• **INSTRUCTIONS TO FOLLOW**
Make an exact copy of every entry, from the first line to the last.

• **DATA RECORDS**
================

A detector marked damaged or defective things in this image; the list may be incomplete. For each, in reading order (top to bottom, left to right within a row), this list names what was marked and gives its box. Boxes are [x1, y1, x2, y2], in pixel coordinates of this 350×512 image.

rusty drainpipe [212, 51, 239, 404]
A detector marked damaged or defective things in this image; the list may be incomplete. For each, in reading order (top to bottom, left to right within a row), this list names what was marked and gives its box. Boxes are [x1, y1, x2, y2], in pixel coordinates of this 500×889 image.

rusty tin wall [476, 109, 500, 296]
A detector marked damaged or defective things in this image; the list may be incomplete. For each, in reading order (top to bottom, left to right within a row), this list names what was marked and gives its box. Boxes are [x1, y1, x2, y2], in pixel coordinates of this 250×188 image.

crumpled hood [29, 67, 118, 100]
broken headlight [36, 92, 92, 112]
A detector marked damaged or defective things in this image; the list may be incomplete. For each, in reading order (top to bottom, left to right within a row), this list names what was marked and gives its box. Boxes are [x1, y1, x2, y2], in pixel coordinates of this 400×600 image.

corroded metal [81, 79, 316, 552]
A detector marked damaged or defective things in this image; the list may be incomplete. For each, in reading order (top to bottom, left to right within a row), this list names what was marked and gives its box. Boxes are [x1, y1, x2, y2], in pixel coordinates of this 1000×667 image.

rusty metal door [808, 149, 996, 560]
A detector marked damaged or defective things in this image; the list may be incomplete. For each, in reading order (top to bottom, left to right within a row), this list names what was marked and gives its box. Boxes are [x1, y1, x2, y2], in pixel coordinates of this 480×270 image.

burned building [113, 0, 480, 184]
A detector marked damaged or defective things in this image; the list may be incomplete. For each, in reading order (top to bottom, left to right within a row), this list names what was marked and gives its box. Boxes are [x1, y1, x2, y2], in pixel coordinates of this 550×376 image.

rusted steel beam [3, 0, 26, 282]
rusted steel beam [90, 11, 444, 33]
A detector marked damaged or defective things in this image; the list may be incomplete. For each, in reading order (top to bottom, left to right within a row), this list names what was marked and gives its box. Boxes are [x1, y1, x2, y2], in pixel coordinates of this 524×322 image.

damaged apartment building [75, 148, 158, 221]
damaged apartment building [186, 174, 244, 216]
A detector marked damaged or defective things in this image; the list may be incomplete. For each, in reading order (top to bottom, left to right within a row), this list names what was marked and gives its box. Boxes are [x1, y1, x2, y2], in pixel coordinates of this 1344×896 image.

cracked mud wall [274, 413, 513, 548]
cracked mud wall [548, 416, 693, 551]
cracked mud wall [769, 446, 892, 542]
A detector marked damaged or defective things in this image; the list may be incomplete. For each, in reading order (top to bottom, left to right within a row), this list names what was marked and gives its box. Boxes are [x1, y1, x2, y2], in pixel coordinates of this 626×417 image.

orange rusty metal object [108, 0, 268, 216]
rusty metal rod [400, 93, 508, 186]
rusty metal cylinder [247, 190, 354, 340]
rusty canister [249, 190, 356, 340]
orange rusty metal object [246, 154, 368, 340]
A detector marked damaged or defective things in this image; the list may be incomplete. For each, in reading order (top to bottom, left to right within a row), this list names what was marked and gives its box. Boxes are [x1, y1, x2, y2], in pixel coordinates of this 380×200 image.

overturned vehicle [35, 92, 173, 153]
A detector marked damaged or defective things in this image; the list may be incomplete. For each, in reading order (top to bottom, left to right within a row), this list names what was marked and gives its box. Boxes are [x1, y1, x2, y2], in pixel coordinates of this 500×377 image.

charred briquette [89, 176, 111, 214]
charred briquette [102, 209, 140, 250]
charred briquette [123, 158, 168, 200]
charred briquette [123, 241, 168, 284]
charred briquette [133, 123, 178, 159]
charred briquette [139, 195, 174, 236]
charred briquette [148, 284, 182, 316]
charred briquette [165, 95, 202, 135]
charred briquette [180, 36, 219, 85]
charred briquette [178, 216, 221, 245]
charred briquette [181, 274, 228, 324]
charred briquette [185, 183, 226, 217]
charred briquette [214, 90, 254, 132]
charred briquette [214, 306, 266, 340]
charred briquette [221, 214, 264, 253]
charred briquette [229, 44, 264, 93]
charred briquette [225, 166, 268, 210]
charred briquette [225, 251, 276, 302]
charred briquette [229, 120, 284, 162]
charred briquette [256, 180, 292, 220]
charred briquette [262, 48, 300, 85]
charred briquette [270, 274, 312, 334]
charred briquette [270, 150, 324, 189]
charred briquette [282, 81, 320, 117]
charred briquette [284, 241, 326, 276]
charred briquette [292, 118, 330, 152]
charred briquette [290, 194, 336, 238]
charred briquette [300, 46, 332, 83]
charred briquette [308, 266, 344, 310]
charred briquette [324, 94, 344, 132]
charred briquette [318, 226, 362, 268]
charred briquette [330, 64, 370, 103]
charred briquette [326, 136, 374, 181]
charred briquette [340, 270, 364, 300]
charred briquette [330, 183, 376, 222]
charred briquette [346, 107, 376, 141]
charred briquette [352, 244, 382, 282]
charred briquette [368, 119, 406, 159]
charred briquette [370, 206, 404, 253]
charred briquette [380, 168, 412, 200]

================

• **FINISHED TASK**
A detector marked damaged or defective things in this image; the list may be incomplete. For each, in reading order (top to bottom, left to right within a row), this list names what was marked and gives its box. Boxes are [x1, y1, x2, y2], in pixel coordinates of this 350×512 image.

rusty drainpipe [212, 51, 239, 404]
A detector marked damaged or defective things in this image; the list may be incomplete. For each, in reading order (top to bottom, left to right within a row), this list names what was marked and gives its box. Boxes are [x1, y1, x2, y2], in pixel coordinates of this 500×889 image.

rusty tin wall [476, 109, 500, 296]
A detector marked damaged or defective things in this image; the list may be incomplete. For each, in reading order (top to bottom, left to right within a row), this list names what was marked and gives its box. Boxes are [x1, y1, x2, y2], in pixel coordinates of this 250×188 image.

crumpled hood [29, 67, 118, 100]
broken headlight [36, 92, 92, 112]
A detector marked damaged or defective things in this image; the list may be incomplete. For each, in reading order (top to bottom, left to right within a row), this list names what was marked and gives its box. Boxes are [x1, y1, x2, y2], in pixel coordinates of this 400×600 image.

corroded metal [81, 79, 316, 552]
A detector marked damaged or defective things in this image; the list may be incomplete. For each, in reading order (top to bottom, left to right within a row), this list names what was marked and gives its box. Boxes are [x1, y1, x2, y2], in pixel coordinates of this 1000×667 image.

rusty metal door [808, 149, 996, 560]
A detector marked damaged or defective things in this image; the list may be incomplete. For each, in reading order (top to bottom, left to right within a row), this list names what was marked and gives its box. Boxes are [x1, y1, x2, y2], in pixel coordinates of this 480×270 image.

burned building [113, 0, 480, 184]
A detector marked damaged or defective things in this image; the list may be incomplete. For each, in reading order (top to bottom, left to right within a row), this list names what was marked and gives its box. Boxes are [x1, y1, x2, y2], in pixel coordinates of this 550×376 image.

rusted steel beam [3, 0, 26, 282]
rusted steel beam [90, 11, 444, 33]
A detector marked damaged or defective things in this image; the list may be incomplete. For each, in reading order (top to bottom, left to right within a row), this list names what was marked and gives its box. Boxes are [x1, y1, x2, y2], in pixel coordinates of this 524×322 image.

damaged apartment building [75, 148, 158, 221]
damaged apartment building [186, 174, 244, 216]
A detector marked damaged or defective things in this image; the list may be incomplete. For each, in reading order (top to bottom, left to right within a row), this list names what was marked and gives its box. Boxes are [x1, y1, x2, y2], in pixel coordinates of this 1344×896 image.

cracked mud wall [274, 413, 513, 548]
cracked mud wall [548, 416, 693, 551]
cracked mud wall [769, 446, 892, 542]
A detector marked damaged or defective things in this image; the list may be incomplete. For each, in reading order (top to bottom, left to right within a row), this list names what was marked and gives its box. Boxes are [x1, y1, x2, y2], in pixel coordinates of this 626×417 image.

orange rusty metal object [108, 0, 268, 216]
rusty metal rod [400, 93, 508, 186]
rusty metal cylinder [247, 190, 354, 340]
rusty canister [249, 190, 356, 340]
orange rusty metal object [246, 154, 368, 340]
A detector marked damaged or defective things in this image; the list may be incomplete. For each, in reading order (top to bottom, left to right within a row), this list names what was marked and gives its box. Boxes are [x1, y1, x2, y2], in pixel coordinates of this 380×200 image.

overturned vehicle [35, 92, 173, 153]
A detector marked damaged or defective things in this image; the list may be incomplete. For each, in reading order (top to bottom, left to right within a row), this list names what was marked and gives its box. Boxes are [x1, y1, x2, y2], in pixel coordinates of this 500×377 image.

charred briquette [89, 176, 111, 214]
charred briquette [102, 209, 140, 250]
charred briquette [123, 158, 168, 200]
charred briquette [123, 241, 168, 284]
charred briquette [133, 123, 178, 159]
charred briquette [139, 195, 174, 236]
charred briquette [148, 284, 182, 316]
charred briquette [165, 95, 202, 135]
charred briquette [180, 36, 219, 85]
charred briquette [178, 216, 221, 245]
charred briquette [181, 274, 228, 324]
charred briquette [185, 183, 226, 217]
charred briquette [214, 90, 254, 132]
charred briquette [214, 306, 266, 340]
charred briquette [221, 214, 264, 253]
charred briquette [229, 44, 264, 93]
charred briquette [225, 166, 268, 210]
charred briquette [225, 251, 276, 302]
charred briquette [229, 120, 284, 162]
charred briquette [256, 180, 292, 220]
charred briquette [262, 48, 300, 85]
charred briquette [270, 274, 312, 334]
charred briquette [270, 150, 324, 189]
charred briquette [282, 81, 320, 117]
charred briquette [284, 241, 326, 276]
charred briquette [292, 118, 330, 152]
charred briquette [290, 194, 336, 238]
charred briquette [300, 46, 332, 83]
charred briquette [308, 266, 344, 310]
charred briquette [324, 94, 344, 132]
charred briquette [318, 226, 362, 268]
charred briquette [330, 64, 370, 103]
charred briquette [326, 136, 374, 181]
charred briquette [340, 270, 364, 300]
charred briquette [330, 183, 376, 222]
charred briquette [346, 107, 376, 141]
charred briquette [352, 244, 382, 282]
charred briquette [368, 119, 406, 159]
charred briquette [370, 206, 404, 253]
charred briquette [380, 168, 412, 200]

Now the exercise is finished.